Thanks for the suggestions, going to check the codes tonight, and will look at the air temp sensor......will just go one step at a time and see what I find..... 

I realized just after I posted, that the water temp sensor (that is hooked to the guage) and the the eng temp sensor are two different sensor's....the water temp sensor could be fine and the temp gauge reading ok, and the engine temp sensor telling the ECU that the engine is too hot.....

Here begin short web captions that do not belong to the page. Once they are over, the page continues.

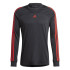Camiseta de Fútbol adidas Predator 30th Hombre Negro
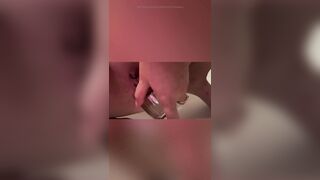 Dominant C fistet Sklavin S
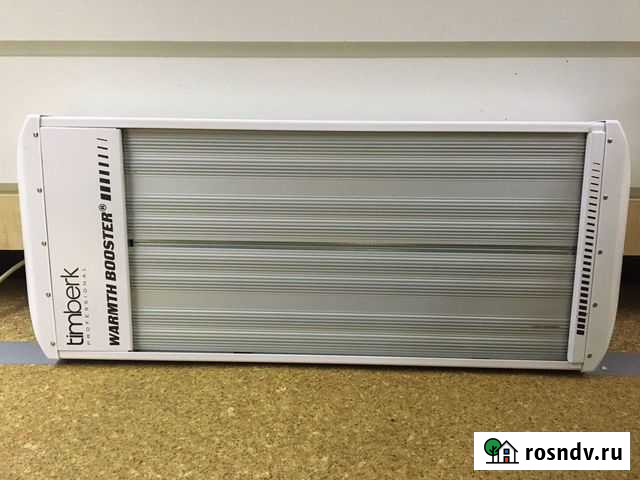 Timberk TCH A1N 700 ватт / Доставка по России Иваново - изображение 1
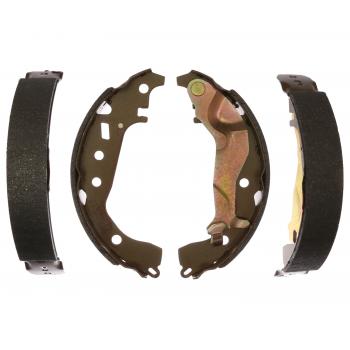 2014 Toyota Yaris Drum Brake Shoe Rear Raybestos 1070PG image 1 of 1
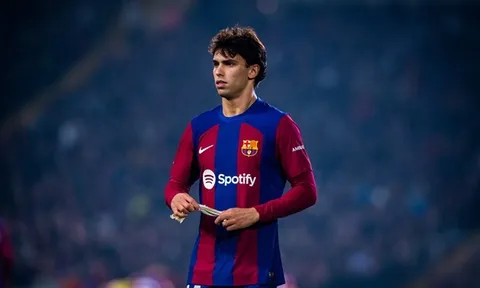 EURO 2024: Lối thoát cho tương lai của Joao Felix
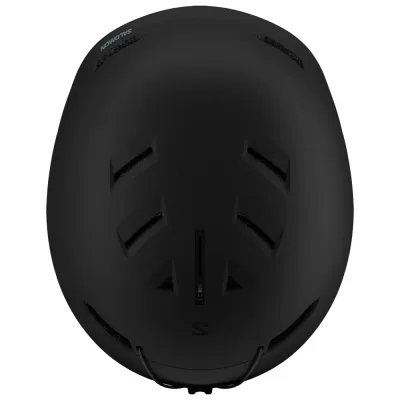 Ski Helm Salomon Husk Mips Skihelm 0 (Bild 2)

Anyone else with any thoughts feel free to chime in.......


----------



## cwilliamrose (Jul 11, 2010)

Check the distributor. Mine had some fine red dust inside that coated everything. It likely came from the failed bearings. It would start and run well cold but was a real problem to start when it warmed up. I think the timing sensor in the distributor was getting extra heat due to the bad bearings and becoming intermittent. What started as a hard starting problem when warm became a poor running issue when it warmed up. At that point it almost wouldn't start at all. Heat soak made it worse. My fault code was 21 -- "Ignition Signal".........Bill


----------



## dentedsub (Oct 23, 2007)

SPEEDO said:


> might check the air temp sensor, the wires maybe damaged at the sensor..
> (mounted on the underside of the air cleaner, on the front)


good place to start, these break real easy


----------



## lastcall (Aug 16, 2010)

How did it turn out?


----------



## jblakeslee (Nov 30, 2005)

Well....replaced the eng temp sensor....been almost a month...and so far so good....it has not been a problem since........

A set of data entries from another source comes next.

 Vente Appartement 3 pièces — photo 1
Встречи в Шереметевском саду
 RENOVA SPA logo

I appreciate all the help........thanks


----------



## lastcall (Aug 16, 2010)

Where is that one? I feel in need to change the same thing. Thanks for your help.


Zach


----------



## jblakeslee (Nov 30, 2005)

There are two "temp" sensors mounted on the passenger side in front just to the left of the valve cover.....sorry I do not have a picture....the first one has a two prong electrical connector on it......that is the eng temp sensor, and sends a signal to the ECM...if it is out of whack....it will tell the ECM the engine is too hot and it will not start.........the other is a single lead water temp sensor that sends a signal to the temp guage mounted in the dash....

Go to Autozone or Advance or any parts store website and look up the engine tem sensor and they will have a picture of it....cost about $18.00 and takes five minutes to replace.

Hope that helps


----------